Rastrelli, Tom. “Confessions of a Gay Priest: A Memoir of Sex, Love, Abuse, and Scandal in the Catholic Seminary”, University of Iowa Press, 2020.

Living a Double Life

Amos Lassen

Tom Rastrelli shares  the clandes­tine inner workings of the seminary and gives us an intimate and unapologetic look into the psychosexual and spiritual dynamics of celibacy.  He writes of  the “formation” system that perpetuates the cycle of abuse and cover-up that continues today. 

While at college, he came under the guidance of a charismatic college campus minister as he was trying to reconcile his homosexuality and childhood sexual abuse. He felt called to the priesthood and so be­gan the process of “priestly discernment.” Priests welcomed him into a confusing clerical culture where public displays of piety, celibacy, and homophobia hid a closeted underworld in which elder priests preyed upon young recruits. Rastrelli went deeper into the seminary system seeking healing, hoping to help others, and striving not to live a double life. He had been trained to treat sexuality as an addiction yet he and his brother seminarians lived in a world of cliques, competition, self-loathing, alcohol, hidden crushes, and closeted sex. The “for­mation” intended to make Rastrelli a compliant priest and this what helped to liberate him. By demanding celibacy and damning homosexuality, the Catholic Church condemns its best and brightest priests to lives of hypocrisy and shame. Rastrelli shares his struggle with heart, wit, and courage.

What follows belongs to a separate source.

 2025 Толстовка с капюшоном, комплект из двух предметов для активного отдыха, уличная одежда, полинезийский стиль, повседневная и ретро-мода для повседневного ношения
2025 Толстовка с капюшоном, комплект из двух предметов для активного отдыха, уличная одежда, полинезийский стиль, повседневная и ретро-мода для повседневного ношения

“Confessions of a Gay Priest: A Memoir of Sex, Love, Abuse, and Scandal in the Catholic Seminary” lets us know what to expect and it is quite an emotional read.  I became angry at the Church hierarchy that allowed the things described here to continue to go on for decade after decade. Those at the top, the only people who could have possibly stopped the kind of abuse described by Rastrelli, allowed it to continue and covered up for the criminals by transferring them from parish to parish or seminary to seminary every time it appeared that the truth was in any danger of being exposed. I am simply unable to understand how anyone can remain a member of the church knowing his. At the beginning of my teaching career, I taught at a Christian Brothers boarding school in Louisiana where the brothers were quite proud of the fact that they had hired a Jew. I will never forget some of the things I saw there going on between the brothers and between some of the brothers and their students. The story finally broke and two of the brothers are now serving life sentences in prison.

This is Rastrelli’s personal story. He was a naïve gay teenager who called to the priesthood. He’s a handsome man, and as a young man he was targeted by an authority figure in his parish church that was eager to take advantage of his confusion about his sexuality and the role of gay men in the Church. Having survived that relationship, Rastrelli was immediately targeted by a mentor-priest of authority at the seminary where he would spend the next four years of his life. During these four years, Rastrelli struggled to live up to the Church’s celibacy requirement while being sexually abused and exploited by some of the very people responsible for his physical and mental well-being as a seminarian. 

Somehow, Rastrelli managed to survive the seminary experience and become a Catholic priest. Father Rastrelli began to question the hypocrisy of the church elders and came to understand that the corruption and cover-up of the predatory sexual nature of some of his fellow priests came from the top down and went all the way to Rome. He received no support from his Archbishop when he exposed what he had witnessed and what happened to him personally. Rastrelli’s desperate cry for help left him suicidal and facing a nervous breakdown.
This is a sad story that does not end well for Rastrelli or the Church even though Rastrelli has a new career. What is so infuriating is the way that the church hierarchy continued/continues to hide the sexual abusers in its ranks and create thousands of new victims year after year.  

Rastrelli writes with a commitment to hon­esty understanding about the meaning of faith. I was not shocked about what I read aside from being surprised that Rastrelli has put it down in print.